→ Task
With the pictures left out, write out exactly the lines of the listing below that run from the line with "Encyclopedia Britannica 不列颠百科全书" through the line with "Speck Presidio iPhone".

→ Entries supplied
────────────────────────────────────────
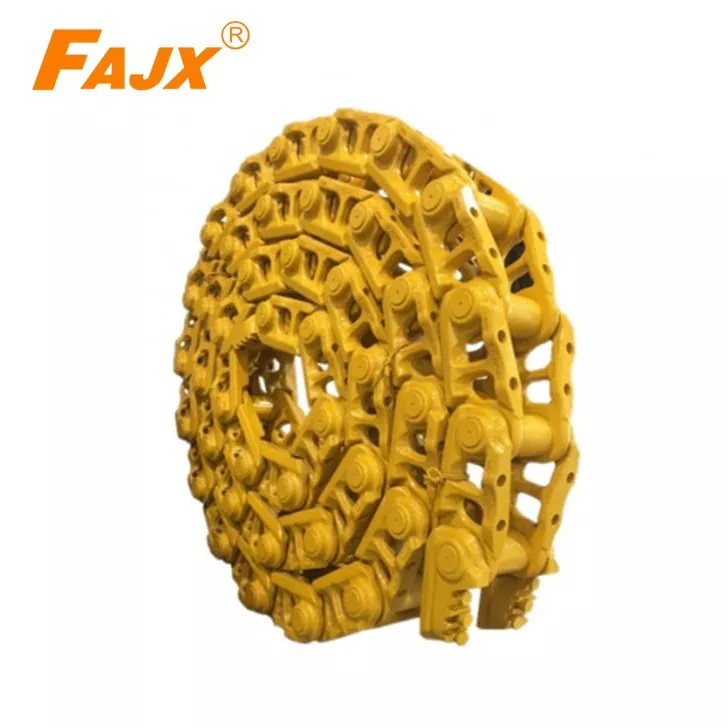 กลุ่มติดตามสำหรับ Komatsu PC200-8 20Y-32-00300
────────────────────────────────────────
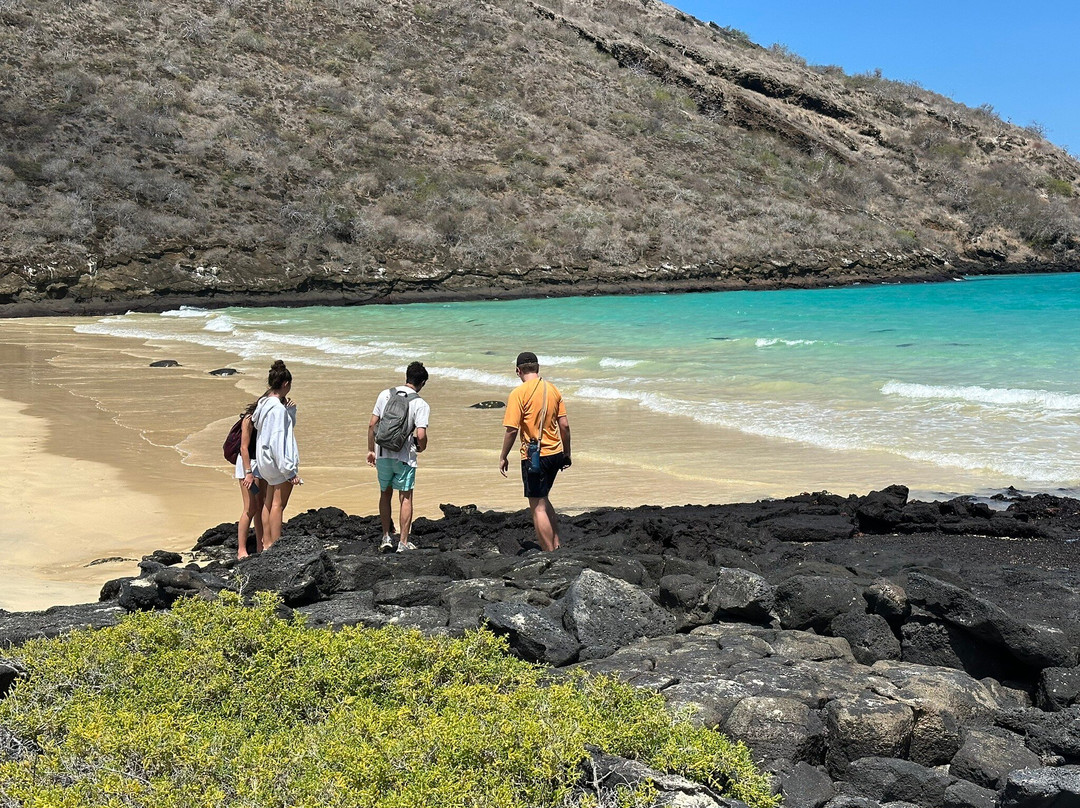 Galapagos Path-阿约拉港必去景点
────────────────────────────────────────
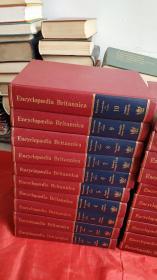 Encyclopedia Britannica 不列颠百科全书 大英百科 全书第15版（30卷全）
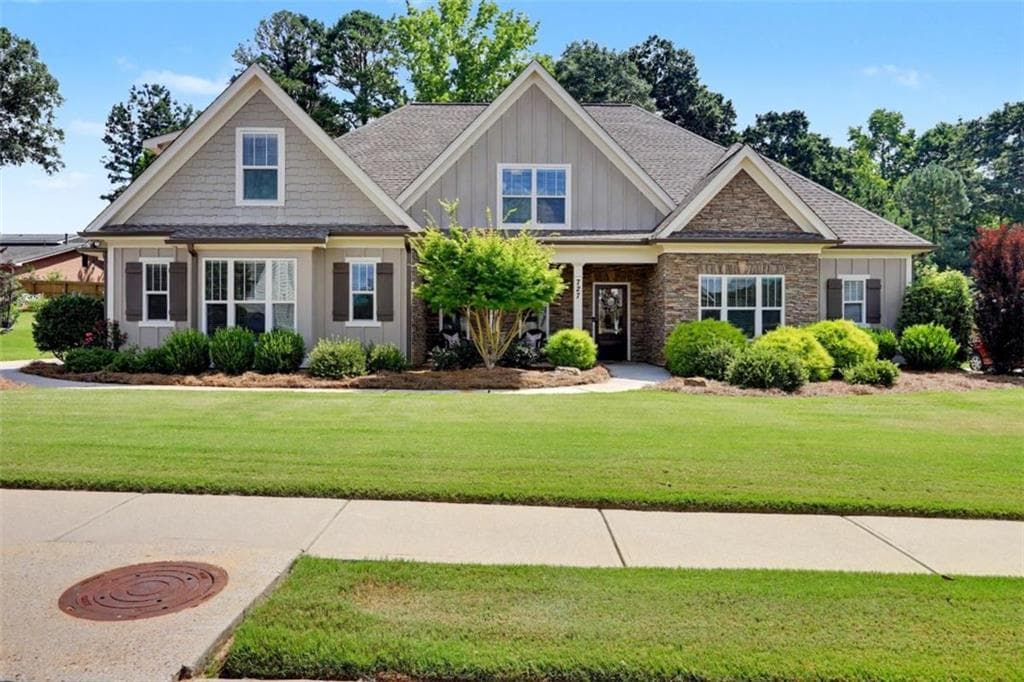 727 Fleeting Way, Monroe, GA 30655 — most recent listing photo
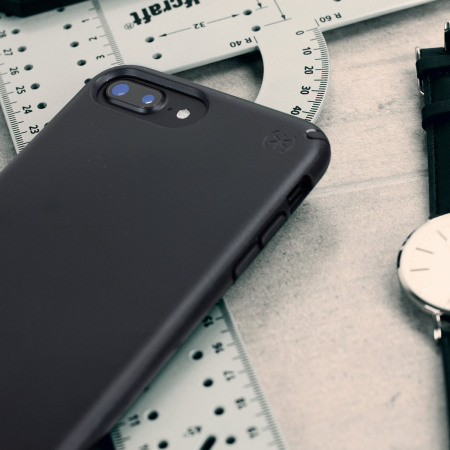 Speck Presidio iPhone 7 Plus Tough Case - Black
────────────────────────────────────────
→ Task response
 Encyclopedia Britannica 不列颠百科全书 大英百科 全书第15版（30卷全）
 727 Fleeting Way, Monroe, GA 30655 — most recent listing photo
 Speck Presidio iPhone 7 Plus Tough Case - Black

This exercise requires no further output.